How do we practice "allowing"?

Photo: Geoffrey Dunn

At the heart of most philosophical and spiritual traditions is the invitation to “allow”. Sometimes words such as acceptance, submission and surrender are also used in this context. These are fraught words because they have associations of compliance and conformity. For many of us these words may bring sensations of disempowerment.

We do live in times of an intensification of conformity. Recent years have exacerbated division and even words such as community and tribe have taken on connotations of signing-up to ideologies and separating oneself from other ideologies. There is no space and time for nuance and plurality.

In this context “allowing” is an invitation to be approached attentive to the wisdom of the philosophies that hold such an invitation. “Yagna”, which has been narrowly translated as “sacrifice”, is the invitation in ancient Indian dance which goes to the sensation of “allowing”.

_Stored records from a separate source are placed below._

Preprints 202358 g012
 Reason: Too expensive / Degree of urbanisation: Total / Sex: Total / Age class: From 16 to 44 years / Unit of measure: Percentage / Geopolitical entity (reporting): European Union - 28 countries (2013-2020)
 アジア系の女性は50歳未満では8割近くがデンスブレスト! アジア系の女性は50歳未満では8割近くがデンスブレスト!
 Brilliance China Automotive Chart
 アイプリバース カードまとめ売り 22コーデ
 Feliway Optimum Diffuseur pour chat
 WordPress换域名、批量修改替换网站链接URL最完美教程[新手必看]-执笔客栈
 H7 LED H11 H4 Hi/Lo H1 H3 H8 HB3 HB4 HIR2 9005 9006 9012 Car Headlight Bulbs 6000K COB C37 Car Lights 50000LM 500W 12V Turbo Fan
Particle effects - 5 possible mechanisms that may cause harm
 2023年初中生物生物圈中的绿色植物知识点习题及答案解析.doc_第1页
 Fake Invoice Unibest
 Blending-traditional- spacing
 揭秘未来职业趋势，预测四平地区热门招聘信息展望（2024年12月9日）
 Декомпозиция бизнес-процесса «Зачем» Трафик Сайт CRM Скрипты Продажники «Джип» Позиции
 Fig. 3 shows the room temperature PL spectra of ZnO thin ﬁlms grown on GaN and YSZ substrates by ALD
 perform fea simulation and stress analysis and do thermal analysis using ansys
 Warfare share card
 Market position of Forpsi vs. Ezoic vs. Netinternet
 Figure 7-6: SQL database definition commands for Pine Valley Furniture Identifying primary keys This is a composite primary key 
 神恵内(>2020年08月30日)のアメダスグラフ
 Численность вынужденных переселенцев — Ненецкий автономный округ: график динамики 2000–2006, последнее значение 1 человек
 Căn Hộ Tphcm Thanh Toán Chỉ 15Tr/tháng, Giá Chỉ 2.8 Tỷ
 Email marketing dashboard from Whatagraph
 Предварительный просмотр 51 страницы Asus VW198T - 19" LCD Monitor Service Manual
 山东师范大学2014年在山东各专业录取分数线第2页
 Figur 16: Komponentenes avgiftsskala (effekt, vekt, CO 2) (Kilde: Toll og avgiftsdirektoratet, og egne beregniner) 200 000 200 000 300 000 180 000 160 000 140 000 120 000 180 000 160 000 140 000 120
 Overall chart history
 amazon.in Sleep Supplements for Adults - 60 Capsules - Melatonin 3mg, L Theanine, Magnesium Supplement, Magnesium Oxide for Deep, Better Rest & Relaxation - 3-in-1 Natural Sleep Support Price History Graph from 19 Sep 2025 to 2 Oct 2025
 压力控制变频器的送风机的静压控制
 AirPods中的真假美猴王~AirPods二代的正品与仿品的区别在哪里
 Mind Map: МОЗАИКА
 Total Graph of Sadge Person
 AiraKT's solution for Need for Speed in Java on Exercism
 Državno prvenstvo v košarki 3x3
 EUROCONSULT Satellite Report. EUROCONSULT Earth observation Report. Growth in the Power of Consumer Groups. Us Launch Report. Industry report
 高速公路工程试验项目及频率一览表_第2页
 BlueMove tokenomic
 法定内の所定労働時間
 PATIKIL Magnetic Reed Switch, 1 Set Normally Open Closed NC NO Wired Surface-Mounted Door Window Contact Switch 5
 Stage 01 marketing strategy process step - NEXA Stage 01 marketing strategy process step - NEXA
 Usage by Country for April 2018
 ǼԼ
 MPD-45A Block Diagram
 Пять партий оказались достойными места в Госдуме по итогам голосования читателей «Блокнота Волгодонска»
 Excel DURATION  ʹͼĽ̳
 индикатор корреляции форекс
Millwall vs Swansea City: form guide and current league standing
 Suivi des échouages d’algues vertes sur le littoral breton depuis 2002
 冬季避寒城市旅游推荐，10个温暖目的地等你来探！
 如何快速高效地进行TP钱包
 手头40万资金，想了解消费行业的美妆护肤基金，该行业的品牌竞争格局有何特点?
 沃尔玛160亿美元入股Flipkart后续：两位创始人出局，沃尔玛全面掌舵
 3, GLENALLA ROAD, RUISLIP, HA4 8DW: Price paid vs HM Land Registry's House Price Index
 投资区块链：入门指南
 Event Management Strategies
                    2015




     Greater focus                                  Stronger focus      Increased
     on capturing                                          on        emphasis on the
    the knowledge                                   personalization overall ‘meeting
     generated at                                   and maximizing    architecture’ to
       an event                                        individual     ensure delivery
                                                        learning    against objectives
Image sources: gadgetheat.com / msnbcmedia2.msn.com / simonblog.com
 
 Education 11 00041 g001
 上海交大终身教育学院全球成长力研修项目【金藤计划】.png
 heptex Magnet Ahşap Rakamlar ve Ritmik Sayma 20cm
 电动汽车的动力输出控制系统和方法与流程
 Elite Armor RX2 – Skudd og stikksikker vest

Why should we “allow”? What are we invited to “allow”? What is the constellation of “allowing”?

We are invited to invoke the Yagna body because it is a state of being that does not value memory, and accumulated knowledge including of oneself and the past. As such it encounters Reality as moment by moment unfolding. The proposal is that we cannot approach this with the mind because the mind is created from Time, and lives in linear movement of past and futures based on the past. We cannot simply state we divest ourselves of the past, because that is just a thought.

Yagna is ritual movement that allows for body-led experience of Time as the eternally unfolding present. It is both the death of Time and the immortalization of Time in the same movement. Ancient deities like Mahakala, who are invoked in the preparatory rituals of dance, were archetypes that supported this invocation as invocations of the paradox of Time.

There is nothing other worldly about ancient dance—it is pragmatic, grounded and of this world. Time is Reality. We have a life-Time in the body, this is Reality. Within this embodied finite Time is also the taste of infinity. In this paradoxical experience we taste the complexity and unknowable essence of Reality—Mahakala.

And Mahakala is vital to divest ourselves of the Hubris which is the essence of our mechanistic approach to Reality.

What do we “allow”? Some of the above reflections go towards this question already—we “allow” an encounter with Reality in its fullness of unknowability and mystery. We “allow” Reality to move us rather than the illusion that we manage and control Reality.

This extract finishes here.